Reforma en ganancias: ¿es suficiente el impacto en el trabajador?

Juan Manuel Lavignolle, coordinador de la carrera de Contador Público UP, analiza cómo impacta la reforma en ganancias desde la perspectiva del trabajador.



Por Juan Manuele Lavignolle

La discusión de ganancias que finalmente resultó en la aprobación de un proyecto consensuado entre Gobierno, oposición y sindicatos, si bien es apenas un punto de partida en relación con una reforma tributaria superadora, incorporó temas que reflejan un intento de diálogo entre las partes.

Por un lado, la discusión de base en relación con la actualización del mínimo no imponible, las escalas y las deducciones personales.

Mínimo no imponible: El piso para pagar el impuesto a las ganancias para un trabajador casado con dos hijos será de 37 mil pesos brutos (aproximadamente 30.500 pesos de bolsillo), mientras que para los solteros será de 27.941 pesos bruto (23.200 pesos de bolsillo).

Escalas y alícuotas: Por un lado, se han incrementado los montos de cada segmento de la escala y, por otro, ahora las alícuotas van del 5 al 35 por ciento.

Deducciones personales: Hubo una suba en ganancia no imponible a 51.967 pesos y de cargas de familia a 48.447 y 24.432 pesos.

También es importante que pasan a actualizarse automáticamente con la evolución de la remuneración imponible promedio de los trabajadores estables (Ripte). Pero, por otro lado, algunas cuestiones que se incorporan van en sintonía con los reclamos sobre discusión "salario = ganancia, ¿sí o no?" que se viene planteando.

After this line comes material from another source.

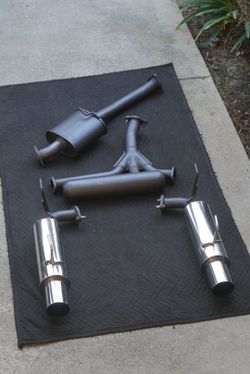 S2000 HKS Hi-Power Dual Exhaust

En este escenario se han contemplado las siguientes cuestiones:

-Deducciones de viáticos: tope hasta el 40% del mínimo no imponible.

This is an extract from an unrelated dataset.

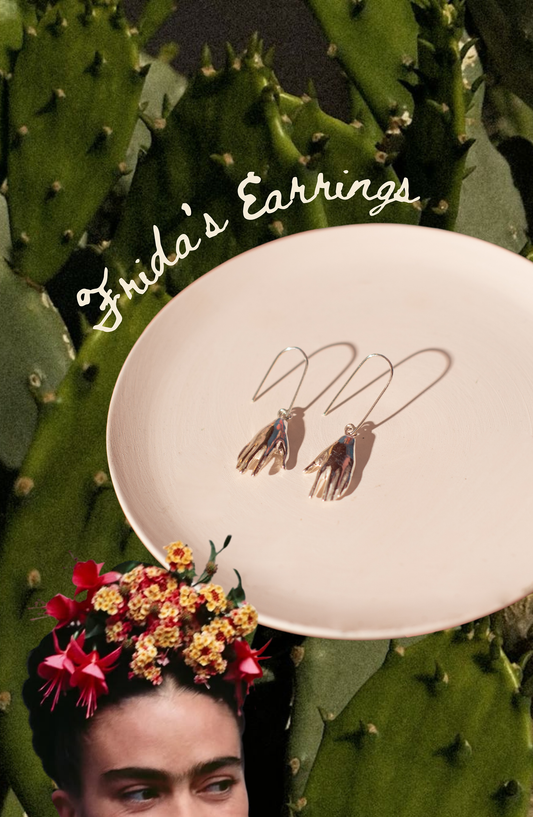 Frida's Earrings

-Deducción de alquiler de inmuebles con destino casa habitación hasta el 40% y límite de ganancia no imponible con un tope de cuatro mil pesos mensuales.

-Horas extras: Si bien van a pagar ganancias, el cambio contemplado es que no se verán afectadas por una alícuota marginal superior, no se computarán a los fines de modificar la escala. Por otro lado, las que perciban por los servicios prestados en días feriados, inhábiles y durante los fines de semana quedan exentas.

-Medio aguinaldo: Va a pagar ganancias, pero sería con un efecto amortiguado, es decir, en lugar de recaer el impuesto en su totalidad en los meses de junio y diciembre, se aplicaría una fórmula para pagarlo pero de forma distribuida durante el año.

Como repaso, viático, alquiler, horas extras, aguinaldo, ¿alcanza? Quizás desde la perspectiva del trabajador no, pero es un paso hacia un esquema que vaya mejorando paulatinamente su situación. Si a esto sumamos un esquema de actualización automática de escalas y deducciones personales acorde con la evolución de las remuneraciones, podemos pensar en un futuro escenario de discusión de una reforma fiscal más profunda, pero partiendo de una base más equilibrada, por lo menos, desde el punto de vista del trabajador.